HorizonSurge Ensemble

HorizonSurge Ensemble is a multimodal, "horizon-aware" machine learning ensemble designed to accurately forecast global migration volumes and trigger reliable early-warning alerts for mass-migration surges up to 6 months in advance.

It tracks data across 15 high-volume origin countries, ingesting monthly sequences of Legal Visa Issuances, Macroeconomic Exchange Rates, and NLP-Extracted News Sentiment Clusters.

Model Architecture

What makes this model unique is its Dynamic Horizon Weighting. Predicting a crisis 1 month away requires entirely different mathematical strengths than predicting a crisis 6 months away. The ensemble dynamically blends three underlying architectures:

  1. Tree-Ensemble (Random Forest): Exceptionally robust at broad surge envelope thresholding. Highly weighted for near-term (Lead 1-2) forecasting.
  2. PyTorch LSTM (with Custom SurgeJointLoss): Fused with categorical Country Embeddings (nn.Embedding), this recurrent network is trained on a custom Huber + BCE objective. It acts as the "Precision Guard," heavily penalizing false alarms.
  3. PyTorch Multi-Head Transformer: Superior at maintaining long-term sequential recall. Highly weighted for long-term (Lead 5-6) predictions to capture slow-moving crisis patterns that short-term architectures forget.

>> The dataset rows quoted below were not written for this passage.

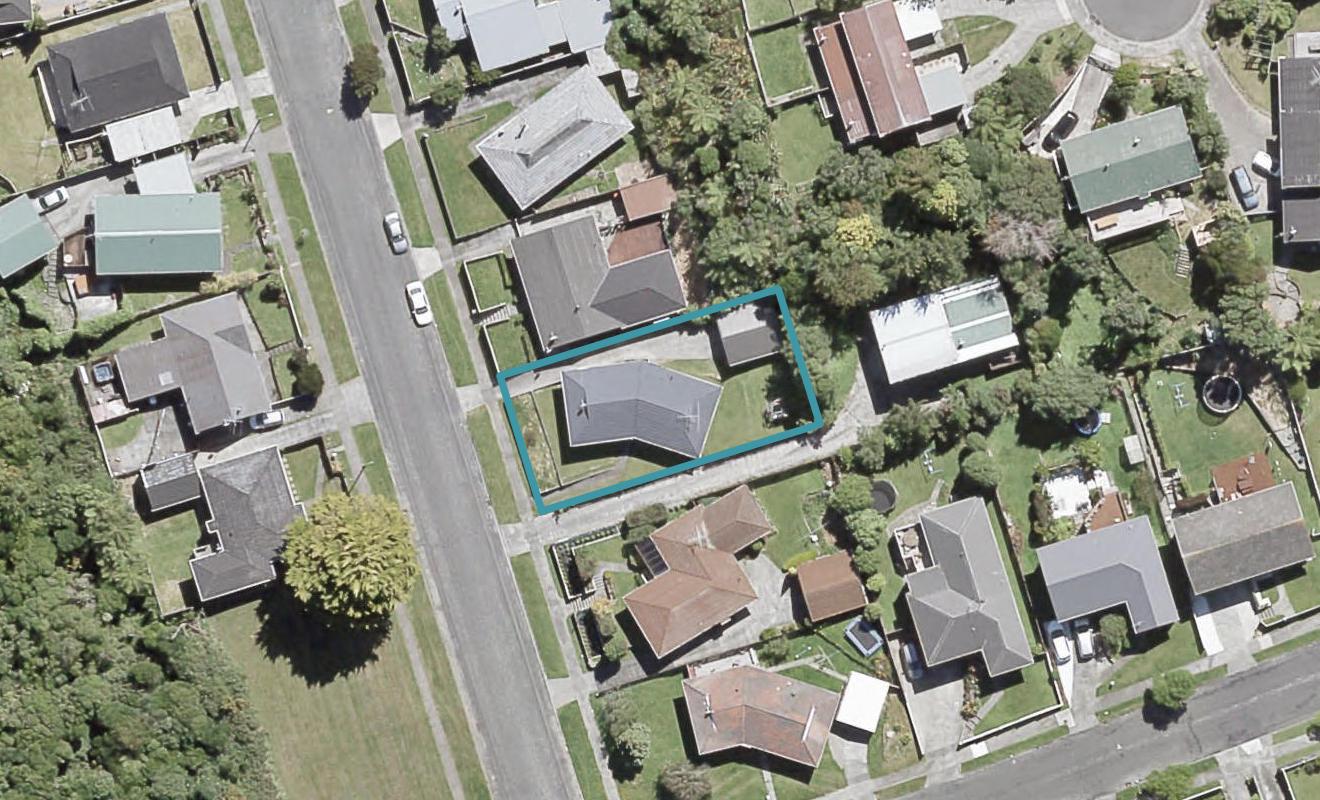 30 Waipounamu Drive, Kelson, Lower Hutt - Carousel 1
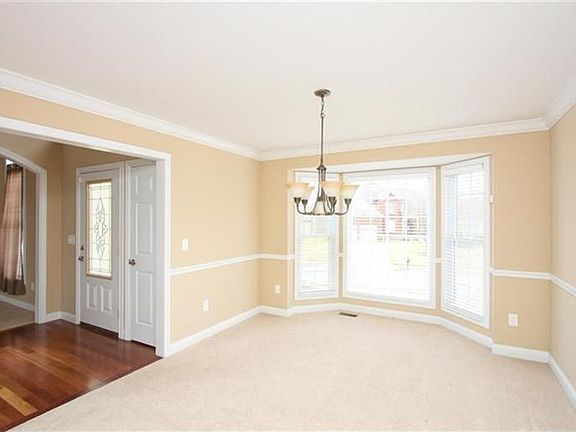 3rd image of 3447 Sunbrite Dr
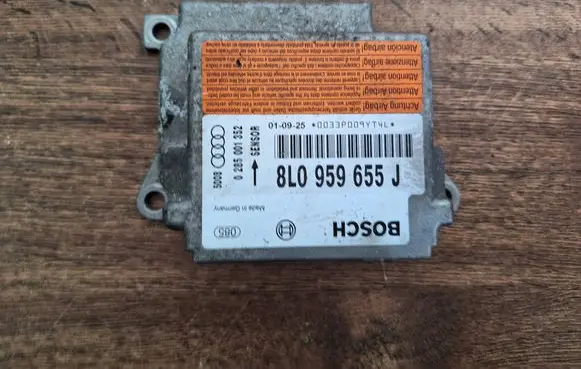 Audi A3 S3 8L Airbag control unit/module 8L0959655J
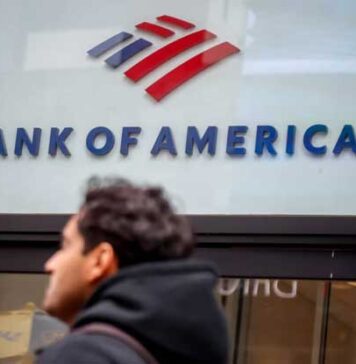 එෆ්ස්ටීන් සමඟ ගණුදෙනු කළ බැංකුවක් අපයෝජනයට ලක් වූ තරුණියන් වෙත වන්දි ගෙවීමට එකඟ වෙයි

Performance Metrics (Out-of-Time Walk-Forward Validation)

Evaluated specifically on its ability to classify operational crisis surges (volumes $> 1.5$ standard deviations above the rolling mean):

Predictive Horizon Precision (False Alarm Guard) Recall (Miss Rate) F1-Score
Lead 1 (Next Month) 0.96 0.96 0.96
Lead 2 (2 Months Out) 0.93 0.96 0.95
Lead 3 (3 Months Out) 0.92 0.94 0.93
Lead 4 (4 Months Out) 0.88 0.94 0.91
Lead 5 (5 Months Out) 0.83 0.94 0.88
Lead 6 (6 Months Out) 0.80 0.92 0.86

Notice that even 6 months into the future, the Transformer-weighted backbone allows the ensemble to capture 92% of all major crises with an 80% precision rate.

How to Use

First, clone the repository and ensure you have torch, scikit-learn, numpy, and joblib installed.

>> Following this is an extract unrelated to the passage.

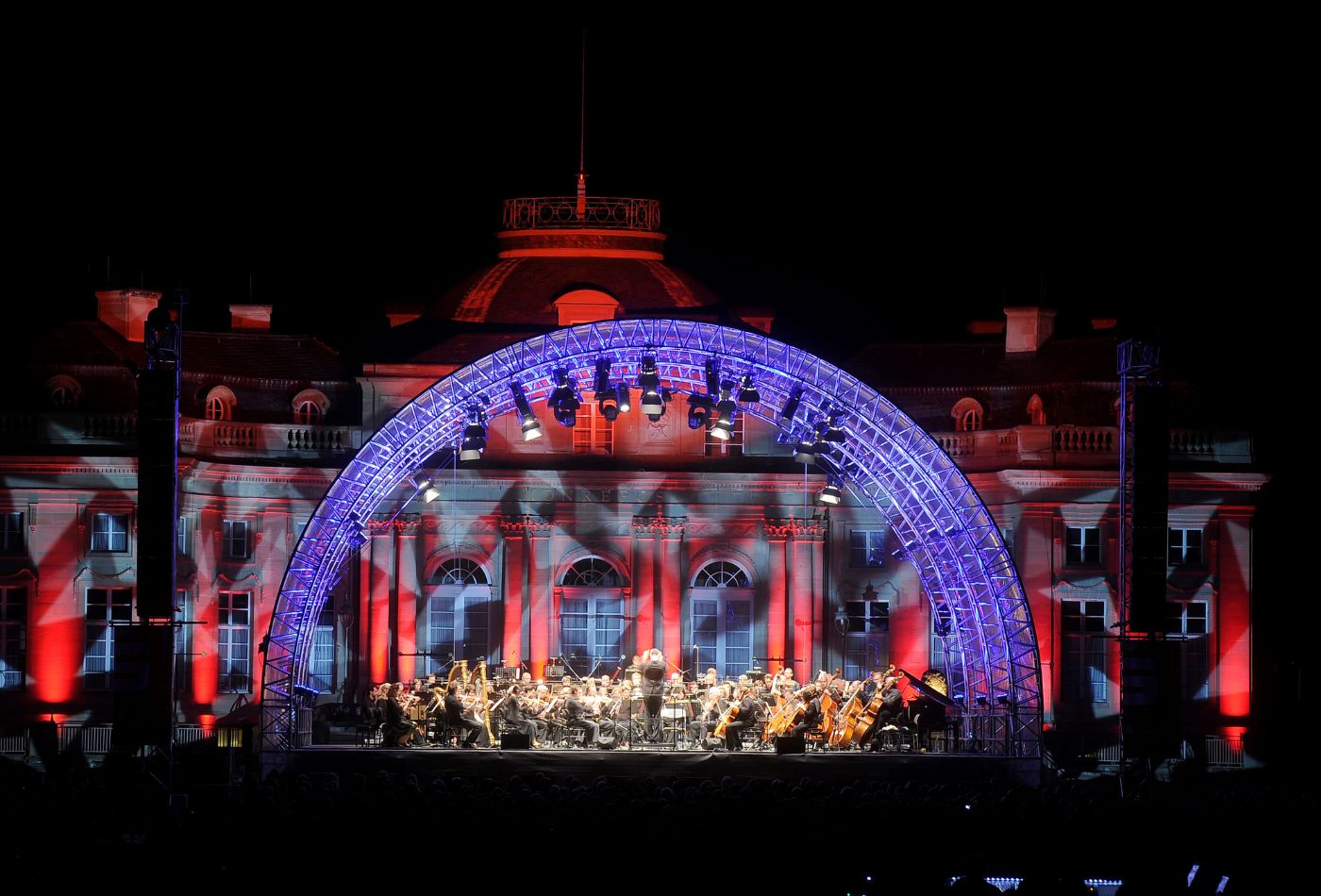 Feuerwerk und Konzert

Load the files using the MigrationSurgeEnsemble inference wrapper:

from inference import MigrationSurgeEnsemble

# 1. Initialize the ensemble (points to the directory containing the .pth and .joblib files)
predictor = MigrationSurgeEnsemble(models_dir=".")

# 2. Provide the rolling 6-month historical data for a specific country
# Format per month: [visa_volume, exchange_rate, news_sentiment_count]
# Array structure: [T-6, T-5, T-4, T-3, T-2, T-1 (Current)]
historical_scenario = [
    [15000, 19.5, 45],  # Lag 6
    [16000, 19.8, 52],  # Lag 5
    [18500, 19.9, 70],  # Lag 4
    [22000, 20.3, 85],  # Lag 3
    [24000, 20.5, 110], # Lag 2
    [31000, 21.0, 140]  # Lag 1
]

# 3. Generate 6-month forward projections
results = predictor.predict(country_name="Mexico", recent_6_months_data=historical_scenario)

print(results['Ensemble Prediction Volume'])
# Output: [36051.0, 38024.0, 41200.0, 43156.0, 44800.0, 41200.0]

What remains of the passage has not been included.